Skip to content

Audio Engines

Overview

Audio Generation Engines facilitate audio generation. Audio Generation Engines provides a run method that accepts the necessary inputs for its particular mode and provides the request to the configured Driver.

Text to Speech

This Engine facilitates synthesizing speech from text inputs.

import os

from griptape.drivers import ElevenLabsTextToSpeechDriver
from griptape.engines import TextToSpeechEngine


driver = ElevenLabsTextToSpeechDriver(
    api_key=os.getenv("ELEVEN_LABS_API_KEY"),
    model="eleven_multilingual_v2",
    voice="Rachel",
)

engine = TextToSpeechEngine(
    text_to_speech_driver=driver,
)

engine.run(
    prompts=["Hello, world!"],
)

Audio Transcription

The Audio Transcription Engine facilitates transcribing speech from audio inputs.

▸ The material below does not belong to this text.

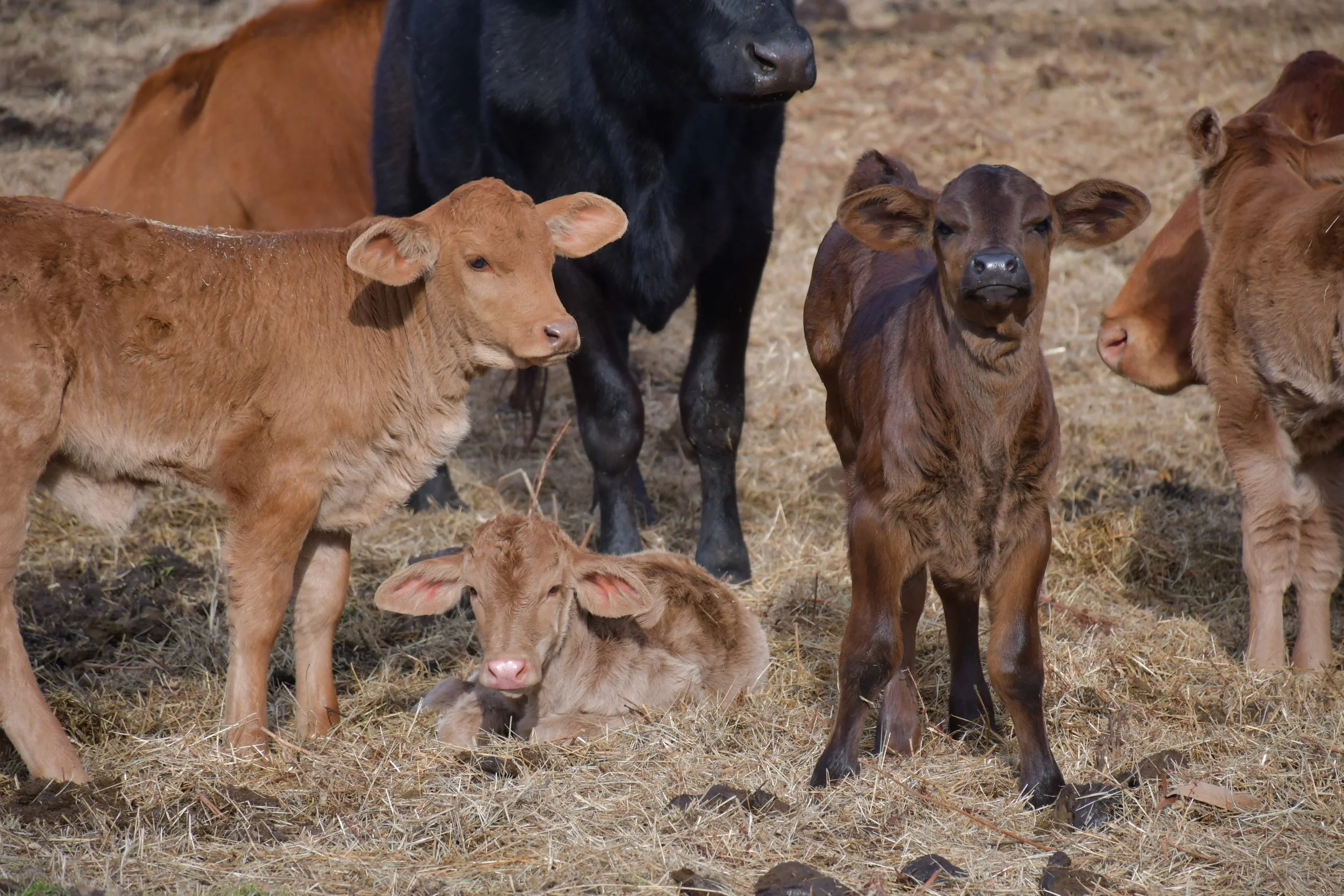 Foot and Mouth in Lundazi and Vubwi districts of Eastern Province.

from griptape.drivers import OpenAiAudioTranscriptionDriver
from griptape.engines import AudioTranscriptionEngine
from griptape.loaders import AudioLoader
from griptape.utils import load_file


driver = OpenAiAudioTranscriptionDriver(
    model="whisper-1"
)

engine = AudioTranscriptionEngine(
    audio_transcription_driver=driver,
)

audio_artifact = AudioLoader().load(load_file("tests/resources/sentences.wav"))
engine.run(audio_artifact)